This thread is now approaching FULL DEEPAK.
I’ve been learning some Japanese to prepare for a trip to Japan later in the spring. It’s making me think about trying to become insanely multilingual.
After Japanese I’d consider Hindi, Spanish and Arabic the strongest. Hindi cause I know so many Indian people and also because it could later help in my career, Spanish for obvious reasons, and Arabic cause it’s spoken by the people my government doesn’t want me to empathize with.
But the easiest of them all is Esperanto, I don't get why more people don't learn it. It's at least three times easier to learn than any other language. Hell, it's been designed by a linguist to be that way!!
Esperanto may be easy to learn (although I know I'd screw it up) but how useful would it be to do so? What practical, real-world situations could there be to speak it?
Since it's very easy to learn, if everyone learned it as a second language the practicality of it would be obvious.

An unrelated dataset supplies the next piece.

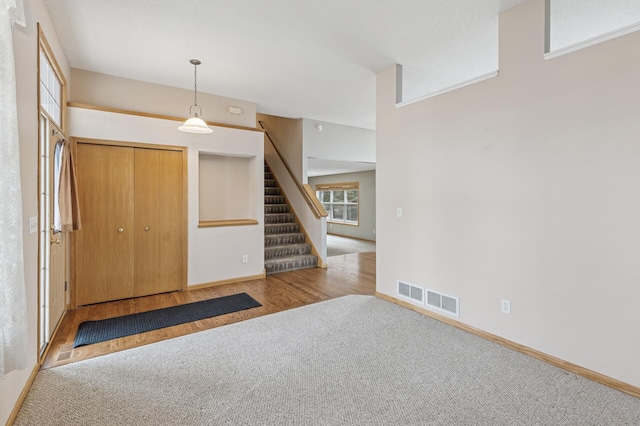 carpeted entryway with visible vents, stairs, baseboards, and wood finished floors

You could go anywhere in the world and talk to people without a problem. If that is not practical then I don't know what is.
Classic chicken/egg scenario.
If everyone learned Esperanto, it would be useful; if it was useful, everyone would learn it.
But it won't happen, because there are no countries where Esperanto is the native language. People learn other languages now, at least in part because they want to visit places where those languages are spoken.
Railroads were built because there was an economic need for them. It was only later that they transported people as well as cargo.
... but how useful would it be to do so? What practical, real-world situations could there be to speak it?
I can't believe this argument is taking place on a board where people learn Klingon.